Start of Material supplied
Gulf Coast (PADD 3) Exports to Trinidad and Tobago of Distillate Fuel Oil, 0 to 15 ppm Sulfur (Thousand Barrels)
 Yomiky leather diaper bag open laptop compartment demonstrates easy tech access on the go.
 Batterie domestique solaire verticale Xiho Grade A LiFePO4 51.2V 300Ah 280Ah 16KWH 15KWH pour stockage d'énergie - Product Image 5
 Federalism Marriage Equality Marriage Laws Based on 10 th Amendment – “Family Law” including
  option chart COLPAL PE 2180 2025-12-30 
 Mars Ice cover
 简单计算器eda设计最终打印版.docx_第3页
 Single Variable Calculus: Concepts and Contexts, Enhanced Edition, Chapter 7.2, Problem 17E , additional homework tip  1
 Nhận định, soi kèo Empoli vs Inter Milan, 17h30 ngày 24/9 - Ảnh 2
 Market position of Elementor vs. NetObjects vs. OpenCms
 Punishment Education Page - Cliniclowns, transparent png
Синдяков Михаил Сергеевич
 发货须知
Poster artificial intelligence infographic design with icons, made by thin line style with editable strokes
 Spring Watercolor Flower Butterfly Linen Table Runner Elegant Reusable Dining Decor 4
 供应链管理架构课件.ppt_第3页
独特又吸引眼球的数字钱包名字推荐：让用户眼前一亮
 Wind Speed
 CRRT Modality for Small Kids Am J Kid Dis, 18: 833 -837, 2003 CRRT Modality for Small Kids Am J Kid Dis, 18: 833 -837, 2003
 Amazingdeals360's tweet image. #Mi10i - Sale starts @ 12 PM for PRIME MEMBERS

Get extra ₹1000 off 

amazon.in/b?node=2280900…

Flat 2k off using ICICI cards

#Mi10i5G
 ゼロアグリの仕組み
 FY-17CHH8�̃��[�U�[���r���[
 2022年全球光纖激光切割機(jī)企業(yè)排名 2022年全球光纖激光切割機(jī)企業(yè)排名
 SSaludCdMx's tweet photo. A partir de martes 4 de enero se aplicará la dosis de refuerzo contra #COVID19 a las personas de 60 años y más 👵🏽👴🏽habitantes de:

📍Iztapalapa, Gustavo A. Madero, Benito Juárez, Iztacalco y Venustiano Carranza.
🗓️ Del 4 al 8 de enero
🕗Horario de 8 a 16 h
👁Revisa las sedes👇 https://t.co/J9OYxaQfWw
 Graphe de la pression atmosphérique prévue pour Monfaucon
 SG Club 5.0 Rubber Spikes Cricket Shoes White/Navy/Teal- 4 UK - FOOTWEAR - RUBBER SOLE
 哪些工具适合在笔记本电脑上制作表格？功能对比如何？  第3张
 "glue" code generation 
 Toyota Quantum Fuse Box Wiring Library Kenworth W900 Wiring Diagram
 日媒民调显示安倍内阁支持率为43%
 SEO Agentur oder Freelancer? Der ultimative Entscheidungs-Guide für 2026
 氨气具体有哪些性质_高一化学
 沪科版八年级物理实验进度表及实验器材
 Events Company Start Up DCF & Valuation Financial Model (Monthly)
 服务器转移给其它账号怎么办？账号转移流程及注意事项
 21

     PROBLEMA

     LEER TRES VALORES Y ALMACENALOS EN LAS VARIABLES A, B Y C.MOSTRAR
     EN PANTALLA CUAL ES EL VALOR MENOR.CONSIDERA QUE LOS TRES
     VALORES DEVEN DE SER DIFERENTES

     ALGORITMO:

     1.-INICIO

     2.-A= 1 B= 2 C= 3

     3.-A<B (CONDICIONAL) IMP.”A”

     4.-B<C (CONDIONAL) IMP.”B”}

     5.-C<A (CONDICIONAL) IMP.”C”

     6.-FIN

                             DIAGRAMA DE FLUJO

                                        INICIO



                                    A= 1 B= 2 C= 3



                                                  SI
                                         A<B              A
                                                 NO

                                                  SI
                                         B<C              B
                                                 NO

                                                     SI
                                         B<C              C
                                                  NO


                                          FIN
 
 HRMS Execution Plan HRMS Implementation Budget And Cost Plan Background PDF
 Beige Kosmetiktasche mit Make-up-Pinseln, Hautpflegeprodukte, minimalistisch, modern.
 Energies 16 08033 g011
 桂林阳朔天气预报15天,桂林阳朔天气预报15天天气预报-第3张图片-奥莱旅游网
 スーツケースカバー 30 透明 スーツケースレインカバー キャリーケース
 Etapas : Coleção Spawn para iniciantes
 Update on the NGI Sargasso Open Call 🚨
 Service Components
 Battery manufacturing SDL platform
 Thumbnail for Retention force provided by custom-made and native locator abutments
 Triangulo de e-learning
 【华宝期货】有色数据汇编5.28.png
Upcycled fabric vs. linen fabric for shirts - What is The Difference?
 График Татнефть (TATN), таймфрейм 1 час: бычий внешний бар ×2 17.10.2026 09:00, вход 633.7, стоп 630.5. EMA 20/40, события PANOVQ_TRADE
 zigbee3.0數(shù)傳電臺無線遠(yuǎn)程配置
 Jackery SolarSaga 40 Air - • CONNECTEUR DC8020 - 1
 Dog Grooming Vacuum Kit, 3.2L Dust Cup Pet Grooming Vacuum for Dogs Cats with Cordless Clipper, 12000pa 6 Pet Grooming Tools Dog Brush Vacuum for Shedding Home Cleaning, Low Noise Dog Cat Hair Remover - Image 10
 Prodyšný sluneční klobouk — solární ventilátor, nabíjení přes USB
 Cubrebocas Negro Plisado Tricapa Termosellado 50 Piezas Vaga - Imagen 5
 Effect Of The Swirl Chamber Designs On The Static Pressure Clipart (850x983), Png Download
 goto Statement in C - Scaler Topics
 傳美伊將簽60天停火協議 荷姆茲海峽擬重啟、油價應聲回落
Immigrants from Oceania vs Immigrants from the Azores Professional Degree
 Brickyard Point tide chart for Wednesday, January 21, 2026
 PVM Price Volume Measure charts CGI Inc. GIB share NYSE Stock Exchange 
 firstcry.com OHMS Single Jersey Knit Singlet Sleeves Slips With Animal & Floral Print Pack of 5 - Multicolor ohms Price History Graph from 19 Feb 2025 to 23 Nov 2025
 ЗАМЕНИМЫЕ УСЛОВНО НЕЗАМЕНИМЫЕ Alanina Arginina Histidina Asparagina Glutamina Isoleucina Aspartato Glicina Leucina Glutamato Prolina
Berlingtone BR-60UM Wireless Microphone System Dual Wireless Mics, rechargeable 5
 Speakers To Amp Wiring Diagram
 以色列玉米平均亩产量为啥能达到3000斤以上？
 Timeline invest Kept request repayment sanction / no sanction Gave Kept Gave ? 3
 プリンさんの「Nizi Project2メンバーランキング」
End of Material supplied
__Problem description__. Filter the lines above, keeping and copying those that contain "from".

__Answer to the problem__.
Immigrants from Oceania vs Immigrants from the Azores Professional Degree
 firstcry.com OHMS Single Jersey Knit Singlet Sleeves Slips With Animal & Floral Print Pack of 5 - Multicolor ohms Price History Graph from 19 Feb 2025 to 23 Nov 2025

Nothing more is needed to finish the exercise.